KOSICE, September 30, (WEBNOVINY)- The leader of the strongest opposition party SMER-SD Robert Fico harshly slammed the government of Iveta Radicova at his news conference on Friday for its plan to curb funds for municipalities and countries. “An extremely crisis situation is emerging in local and regional self-governments. Mayors are turning to us to prevent the adoption of the measures prepared by the government which threaten to liquidate self-governments. Instead of saving its expenditures the state attempts to access new funds to the detriment of towns, villages and higher territorial units,” said Fico.
Fico reported that the rightist government at the helm of Slovakia plans to change the so-far tax redistribution system and has prepared a kind of a tax mix that does not only consist of the personal income tax but also contains revenues from tax paid by corporate entities, VAT and excise taxes as well.
Fico warned that due to new funding rules, self-governments will lose some EUR 250 million next year while the government plans to spend the money for its own state expenditures. Under the new model, towns and villages would get EUR 190 million less next year and counties‘ revenues from the state’s tax income would shrink EUR 60 million, Fico warns. According to self-governments if the current redistribution model is preserved, they would get 19 percent more next year.
Fico underscored that they are not here just to criticize but they are prepared to come up with solutions. At the next parliamentary session the party will submit a draft according to which people with annual income exceeding EUR 33,000 would pay 25-percent income tax.
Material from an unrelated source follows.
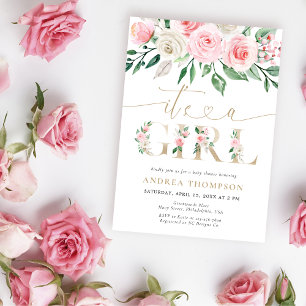Rosa Guld Blommigt Det är en flicka babyskugga Inbjudningar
The party also develops efforts to increase the levy rate for banks and corporate entities with a higher profit, let’s say more than billion euros, specified Fico. He estimates that the measures might bring up about EUR 400-500 million. Fico underscored that they would not support the tax mix draft in parliament as it is aimed against self governments and might liquidate them. He slammed the government for having prepared the changes without discussing them in advance with representatives of municipalities and countries. He said that he meets over the issues with mayors later on Friday.
According to the Finance Ministry draft the Cabinet adopted earlier in September, the state budget should transfer to municipalities a share of revenue from a mix of taxes, including the personal income tax, excise taxes and VAT. Currently, they are financed only by a share of revenue from personal income tax. As a result of this change in 2012, municipalities would receive less than they would according to the current formula.